Dopo “Bar della rabbia” e “Supersantos”, è arrivato “Al monte”, il terzo album di Mannarino, uscito lo scorso maggio. Lasciate da parte le rumbe, le fanfare sgangherate e i ribelli, sedetevi anche voi e ascoltate questo terzo intimissimo lavoro, che scorrerà ai vostri piedi come un fiume quieto e denso. Il cantautore romano dà voce a chi “non ha molta scelta tra la fame e la galera”, raccontando e musicando nove storie di ricerca piena e disperata di una via di uscita. Poco importa se gli uomini si fanno bestie senza aver ricevuto amore, nella stalla nazionale, rasandosi la testa e partendo militari (Malamor) o se sono proprio le bestie a insegnarci a non finire nella rete e a distinguere la luce delle lampare da quella delle stelle (Gli Animali).

In Scendi giù, quinta canzone dell’album, la vita non lascia scampo, ma la vendetta scende spavalda e sbeffeggiante come uno stornello maledetto a far giustizia a un detenuto ammazzato di botte in prigione, al quale, forse, più della morte brucia l’amarezza di non poter dare un ultimo bacio alla propria amata.
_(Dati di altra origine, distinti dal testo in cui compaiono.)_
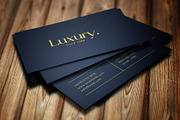 Luxurious Business Card, a Business Card Template by Saman Osama (Thumbnail 3 of 4)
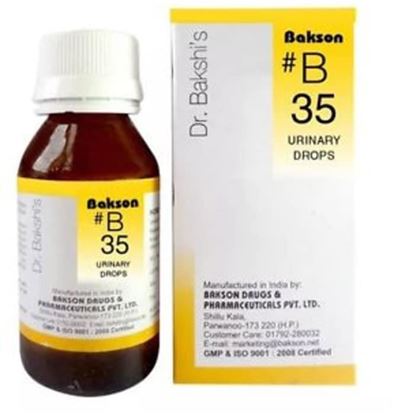 Picture of BAKSON'S B35 Urinary Drop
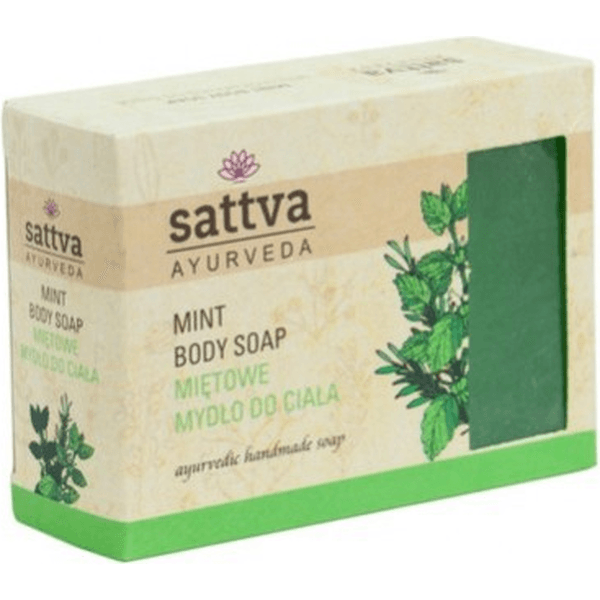 Mydło glicerynowe miętowe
Poi, come nel brano Gente, c’è l’amore che salva o che tramuta due cuori d’oro in due croci, che non sopravvive alla neve. Amore che è speranza e dannazione. Amore che ti trascina tra la folla in un avvincente danza tutta gitana, dove poter finalmente lamentarsi e volteggiare tra trombe e violini. L’amore, dunque, resta l’unica consolazione a cui anelare. L’unico miracolo capace di cancellare il dolore più nero e far sorridere anime belle, anche se con labbra screpolate (Signorina).

L’amore può essere la sola forza e l’unico gravissimo peccato per molti Adamo ed Eva che, dall’alba dei tempi, si rincorrono mondo dopo mondo, era dopo era, desiderando di vivere semplicemente stretti nella loro passione dannata, che per loro è vita (Al monte, la traccia che dà il nome all’album). Perché l’amore libera da ogni schiavitù e dona la speranza che l’impero di tenebre possa sbriciolarsi al sole delle risate (L’impero). Una speranza che qualcuno, a volte, affida invece al proprio dio, possibilmente il settimo dio cantato in Deija (quello che “è apparso alle baracche stamattina e c’è speranza nuova tra la gente, stavolta è quello giusto veramente”). 

Impronta importante in questo album è data dai fiati che urlano al cielo una nostalgia nuova, fatta di consapevolezza e indignazione, accompagnati da chitarre acustiche, fisarmoniche e cori. Una musica a volte zingara, a volte onirica, ed una voce profonda e malinconica, quasi ad accompagnarci, una notte dopo l’altra, tra i ricordi che bruciano e i lutti che fanno piangere di nascosto.

Le stelle è una sorta di nenia carica di speranze e al tempo stesso di disillusioni: “Ridere e tremare, cercare nei campi di grano nel fondo del mare, dove va a finire il profumo delle stelle che da qui non si sente”. È la traccia che chiude quest’album, che forse ha bisogno di più di un semplice ascolto per diventare nostro, ma che una volta che ci raggiunge ci si piazza addosso come un paio di occhiali che sfocano le ricchezze, le invidie, gli orpelli e mettono in primo piano le storie vissute, con gli sbagli, le amarezze, gli affanni e il calore che solo le vite veramente vissute possiedono.